Each selector's body is whatever is indented under it, up to the next peer line or the block's enclosing dedent. The parser is also lenient about stray indents inside a body — content nested deeper than its block's anchor (purely for visual styling) is treated as cosmetic, so hand-written DSL sources don't have to be pedantic about consistent indentation.

Verbatim block — captures the body as raw source bytes (NO nested parsing). Use for code blocks, embedded HTML, or anywhere the body is data not grammar. Pair with ${escapeHtml body} (see templates.md) for XSS-safe emission:

function pre
    arg capture lang ident
    block_verbatim end
    write `<pre><code class="language-${lang}">${escapeHtml body}</code></pre>
`
end

Source:

pre go
    func main() {
        fmt.Println("hello & welcome <world>")
    }
end

…renders the Go code with its quotes and angle-brackets HTML-escaped inside a <pre><code> block, indentation preserved verbatim. Every line between pre go and end is captured byte-for-byte; the user can paste arbitrary code without it being re-parsed as Capy.

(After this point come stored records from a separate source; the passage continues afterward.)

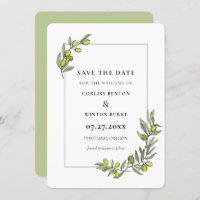 Quadro de ramos de oliveira Salvar data Convite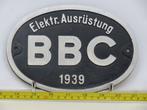 EisenbahnSchild BBC 1939 (Spoorwegen 1:1, grootspoor), Verzamelen, Ophalen of Verzenden, Gebruikt, Overige typen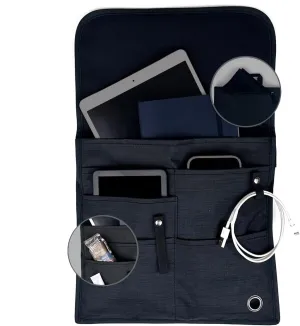 Airplane Pocket Organizer | Tray Table Cover | In Flight Seat Back Organizer Bag | Commuter Essential Travel Bag | Media Pouch For Flying | Travel Gift | Attaches To Luggage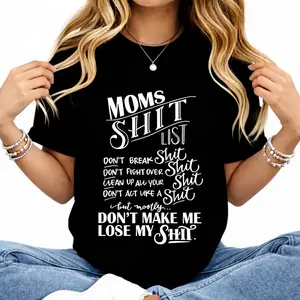 Women's 100% Cotton Breathable Fit Short-Sleeve T-Shirt, Casual Round Neck Streetwear Tee, Funny Momlife Overstimulated Graphic Top, Mother's Day Gift for Moms summerwins,summerwins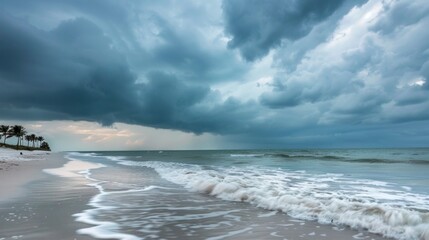 Poster - The sky is cloudy and the ocean is calm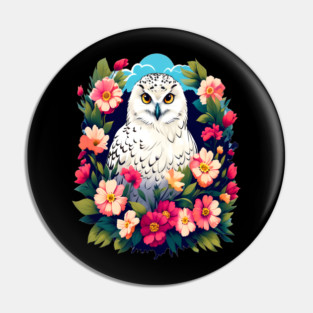 Cute Snowy Owl Surrounded by Bold Vibrant Spring Flowers Pin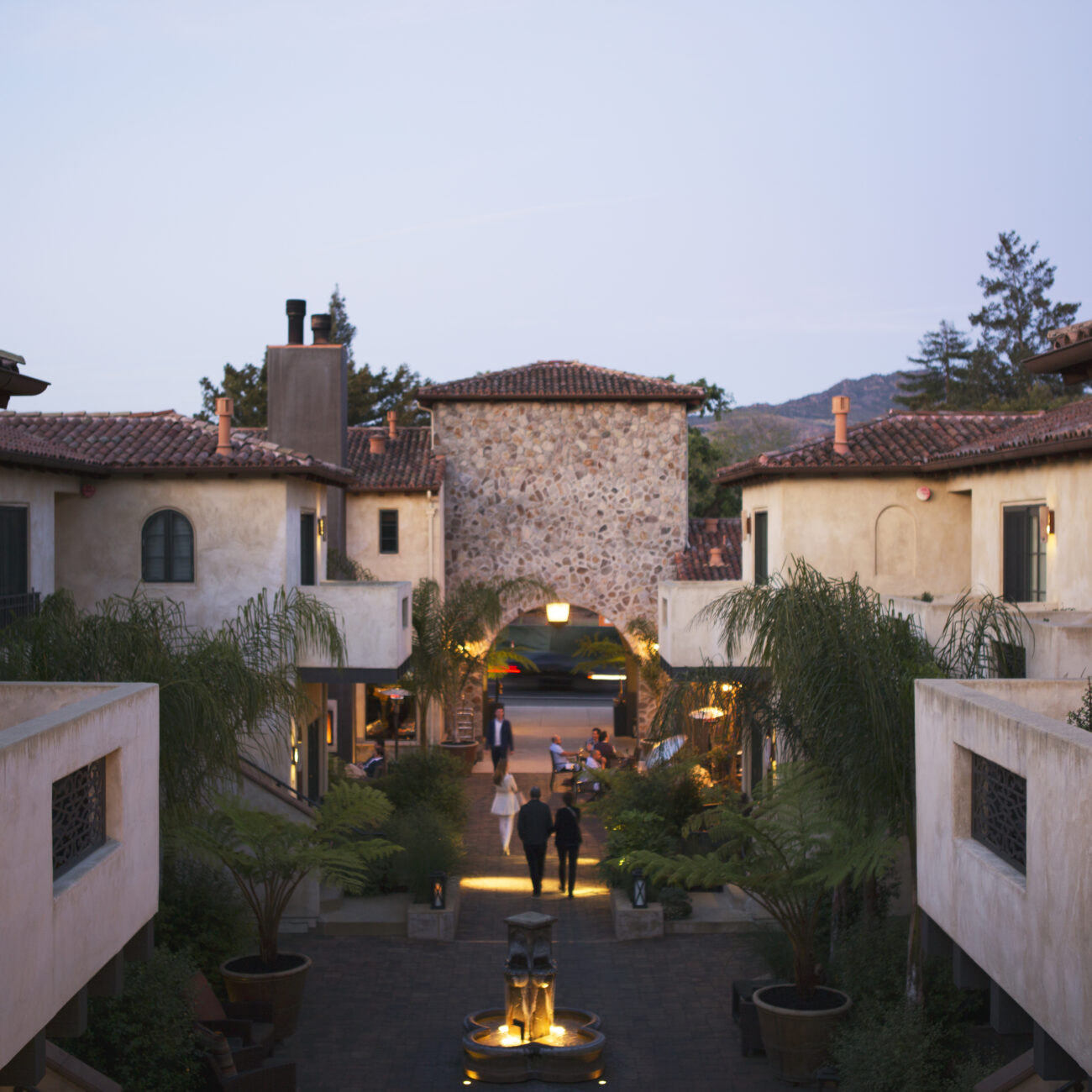 Exterior image of North Block Courtyard at night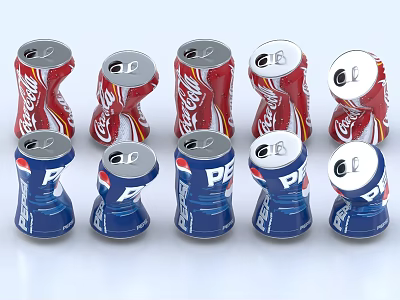 Twisted Coca Cola and Pepsi Drink Cans Arranged in Rows 3d model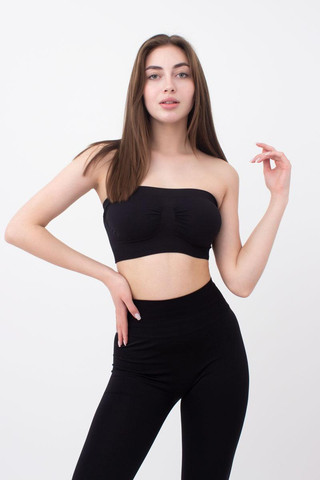 טופ בנדו | Bandeau Top ,שחור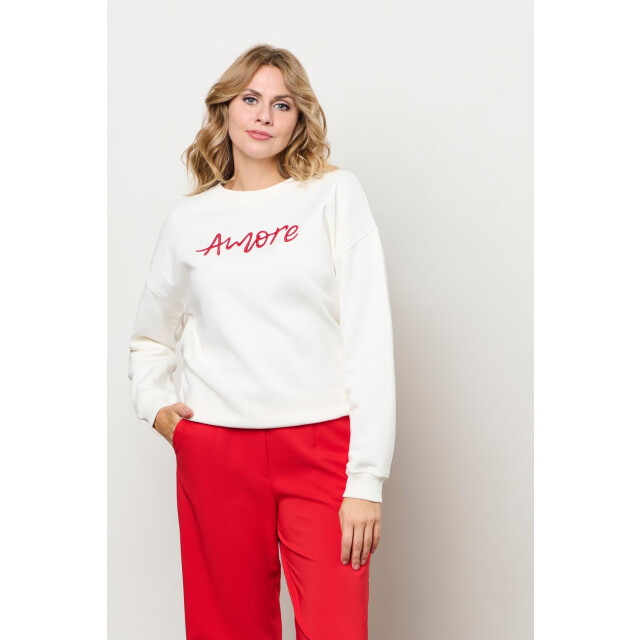 &Co Woman Amore sweater ecru &Co woman Amore sweater ecru large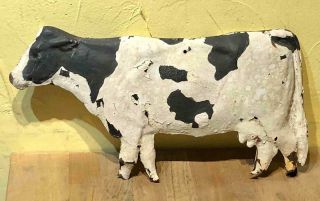 Antique Tin Cow Weathervane Or Sign Ornament,  C.  1900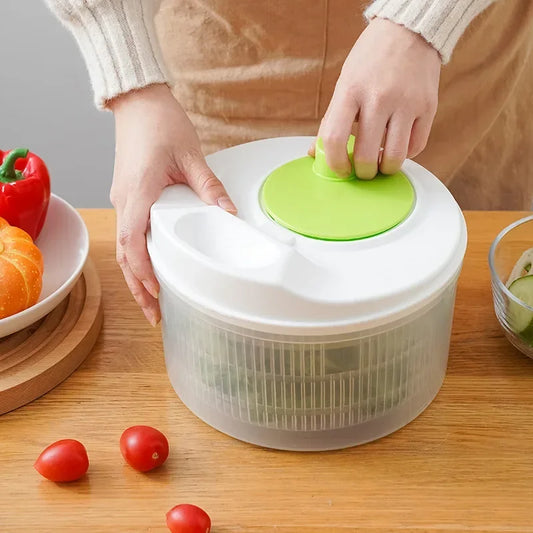 Salad Spinner & Lettuce Dryer – Quick Leafy Vegetable Washer, Strainer & Crisper Kitchen Tool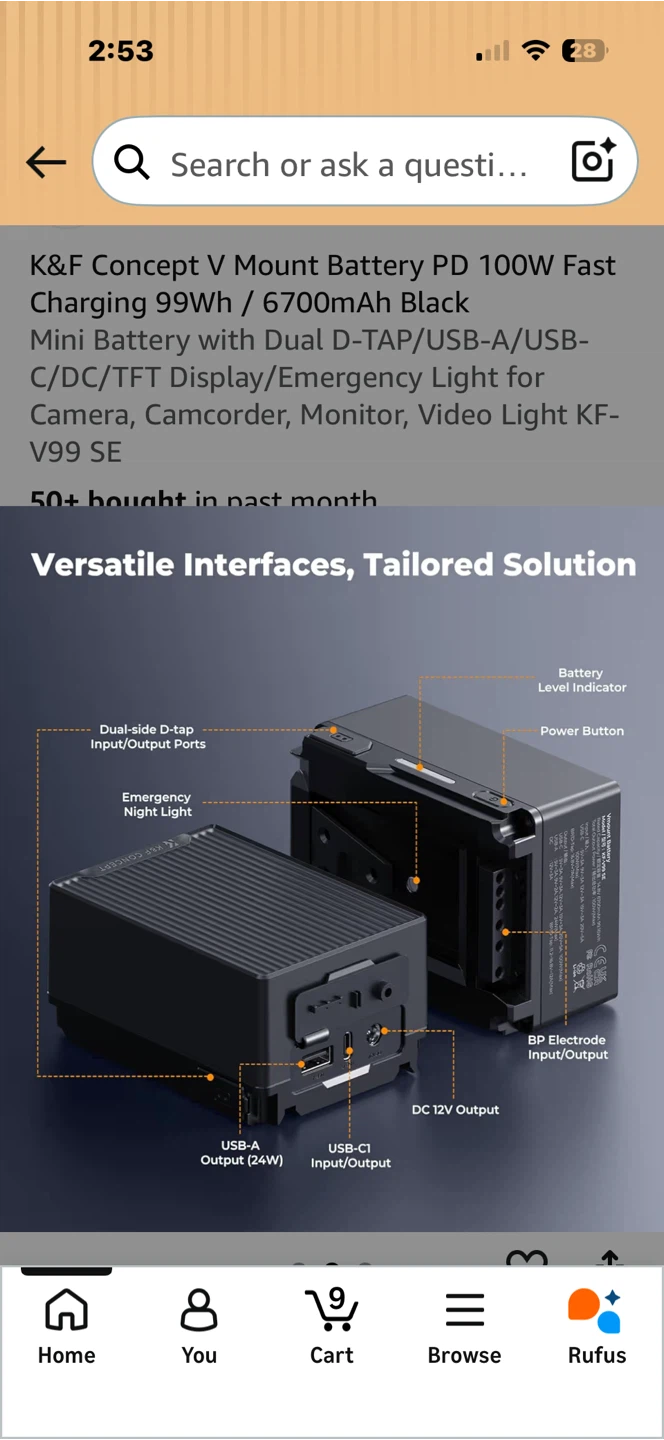 K&F Concept V-Mount Battery 99Wh 6700mAh - photo 5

The capture is the literal source byte range, so blank lines and comment-marker (#) lines are preserved exactly — a markdown … end block with ## headings and blank paragraphs round-trips untouched.

Inline syntax via group_open / group_close

For Markdown-style or LaTeX-style inline syntax ([label](url), **bold**, ~~strike~~), declare a type that opens and closes on specific delimiters:

type Bracketed
    group_open  "["
    group_close "]"
end

type Parens
    group_open  "("
    group_close ")"
end

function link
    arg literal "link"
    arg capture text Bracketed
    arg capture url  Parens
    write `<a href="${escapeHtml url}">${escapeHtml text}</a>
`
end

Source link [Al the Alien](https://alien.com/1) matches link with text = "Al the Alien" and url = "https://alien.com/1". See types.md for the full reference including nested groups and multi-char delimiters.

See block-functions.md for nesting and edge cases.

context — initial schema

Whatever fields your function bodies will manipulate (via set/ append/etc.). Lists default to [], maps to {}. The context is rendered into the file template as .context.

context
    imports []
    classes []
    vars {}
    total 0
end

file_template — final assembly

Receives body (concatenation of all top-level statements' written output) and context (final accumulated state). Common patterns:

# Python-style: imports at top, then body.
file_template
    for imp in context.imports
        write `import ${imp}
`
    end
    write body
end
# Pure JSON: ignore body entirely, render context.
file_template
    write (toJSONIndent context)
end

priority

When two functions could match a prefix, the higher priority wins; ties fall back to "more leading literals wins". You rarely need to set this explicitly — the default (0) plus the literal-leading bias handles most cases.

Validation

capy check lib.capy parses + validates a library without running any source. It reports load-time errors with the offending function and arg index.

Suggested authoring loop

capy init my-lib
cd my-lib
# edit lib.capy + script.capy in your editor
capy run lib.capy script.capy        # see output
capy check lib.capy                  # validate
capy docs lib.capy > REFERENCE.md    # regenerate reference docs

When the library stabilises, write a few sample scripts under examples/ so behaviour stays pinned as you iterate.